# Rear Brake Heating Up



## 12CruzeLTZ (Jun 17, 2015)

New to the forum and looking for some help with my 2012 Chevy Cruze LTZ.

Recently the rear brake on the driver side has been squealing while driving and when stopped the brakes make a lot of noise when slowly releasing. Also, they are getting so hot that even the rim is hot to the touch. Car has a little over 40,000 km on it and lots of pad life left.

Not sure what I should be doing. I know the e-brake is self adjusting so I'm thinking it is not releasing fully and therefore brakes are rubbing while driving. Will removing the caliper and screwing it back in reset it and possibly fix the issue? It is only happening on the one side. Also, I have tried pumping the parking brake and this has not helped.

Looking for some guidance.

Thanks!


----------



## jblackburn (Apr 14, 2012)

I'd remove the caliper and clean up and grease the slide pins.

Does anything appear to be rusted?


----------



## 170-3tree (Nov 4, 2014)

If you can. 

1) lift car remove wheel
2) find parking cable and wiggle it around. It should move fairly free and on most cars you can almost feel it moving in the sheathing. 
3) if that's good try to spin the hub by hand with everything assembled. If its difficult, inspect brake hoses for any damage, twisting, feel up and down for soft spots where the internal structure would have collapsed. (Hardest part to decipher honestly)

Now we have a darn good idea its the caliper. This is a parking caliper joining both jobs, so either part could be failed, but will be replaced as one. If your curious, compare the parking mechanisms side to side for position and movement. If these weren't spin retraction calipers you could further test the hose by pressing back with and without the bleeder, but that's null here. 

Edit: as Blackburn said, the slide Assembly's should be moving smooth and freely too. Check for rusting or debris here too. 

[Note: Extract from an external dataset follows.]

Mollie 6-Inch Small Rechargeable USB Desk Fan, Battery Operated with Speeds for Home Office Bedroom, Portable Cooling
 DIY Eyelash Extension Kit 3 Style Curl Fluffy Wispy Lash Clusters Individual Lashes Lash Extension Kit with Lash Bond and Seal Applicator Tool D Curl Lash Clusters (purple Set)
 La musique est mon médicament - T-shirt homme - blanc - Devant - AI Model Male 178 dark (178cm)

4) replace caliper. If that doesn't work replace the hose too. (I like to do both at once to save work, but depending on your budget and the parts cost its up to you)


----------



## dhpnet (Mar 2, 2014)

I would also check the slide pins. I have had them get sticky on a few different cars.


----------



## Terryk2003 (Sep 22, 2014)

Like a couple of the others mentioned above, I would pull the caliper and check the slides. They may be either rusted or just gunked up. Check the boots and make sure they aren't torn. Grease and reinstall. I haven't had the rear brakes on one of these apart yet so not sure how the ebrake is setups.


----------



## 12CruzeLTZ (Jun 17, 2015)

Been busy the last little while and hadn't had a chance to return. So I took apart the caliper and everything looks fine. Greased the slide pins to be sure but they slid freely even before re-greasing. Took it for a ride last night and on my trip out it I didn't hear much in the way of squealing but when I got to my destination the brakes/rim were overly hot again. Was a significant difference from one side to the other. Weird part when I drove home (car sat for about 2 hours before return) there was no heat issues or noise. Going to watch over the next couple days and see if it returns.

Thanks everyone for the insight.


----------



## gmarcucio (Apr 19, 2011)

Same here with my son's 2012 right rear caliper sticking and heating up. I'm going to replace the caliper and hose tomorrow.


----------